A co-op with the Geneva Forum in Switzerland got Northeastern University senior Kenny Iannuzzi excited about working for a global cause.
“No matter what I do, it has to have some international tie to it,” said Iannuzzi, an international affairs major who returned from the experiential learning opportunity in June with a newfound interest in working for the United Nations.
“Working in an international capacity,” he added, “gave me a worldly feeling that involved something bigger than myself.”
The Geneva Forum is a disarmament initiative created by the United Nations Institute for Disarmament Research. The goal of the initiative is to promote international peace and security by building partnerships between governments, international organizations and NGOs around issues of disarmament.
On co-op, Iannuzzi conducted research on unmanned weapons, nuclear non-proliferation and the Arms Trade Treaty in preparation for conferences on arms control.
He worked closely with the Geneva International Centre for Humanitarian Demining, the International Campaign to Ban Landmines, and the United Nations Office for Disarmament Affairs to bring experts to the forum’s conferences.
Iannuzzi, who completed Dialogue of Civilizations programs in Geneva and India, thought he’d pursue fieldwork with NGOs in foreign countries after he graduated.

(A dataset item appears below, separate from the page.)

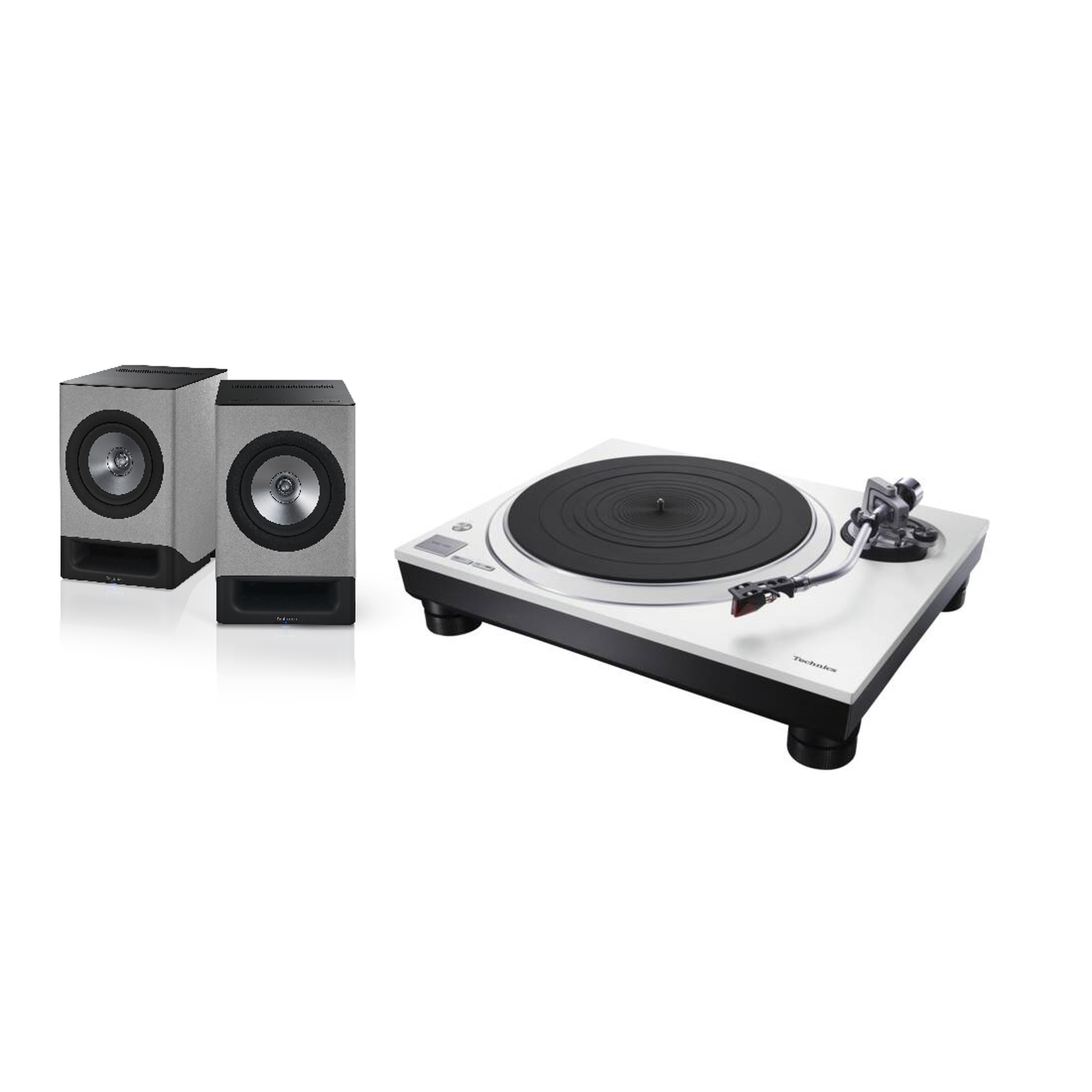 Technics SL-1500C Weiss + SC-CX700 Grau HiFi-Set Lieferumfang mit Plattenspieler und Aktivlautsprecher-Paar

But that all changed when his experiential learning opportunity gave him a first-hand look at how “policy decisions made in small rooms affects what’s happening on the ground.”
The co-op, he said, made him think twice about the importance of policy-making and inspired him to look at disarmament as a potential career field.
“All of these people were trying to change policy with the humanitarian cause in mind,” said Iannuzzi, who explained that conferences held at the Geneva Forum gave delegates a chance to speak freely, sometimes against the positions of their states. “It’s hard to understand why disarmament is so important until you’re around people who have devoted their lives to it.”
He encouraged all Northeastern students to work and study abroad, calling it “the absolutely most rewarding experience that you’ll ever have,” and thanked professor Denise Garcia, who wrote a book on illicit arms trafficking throughout the world, for facilitating “an incredible opportunity that a lot of graduate students at other schools don’t get.”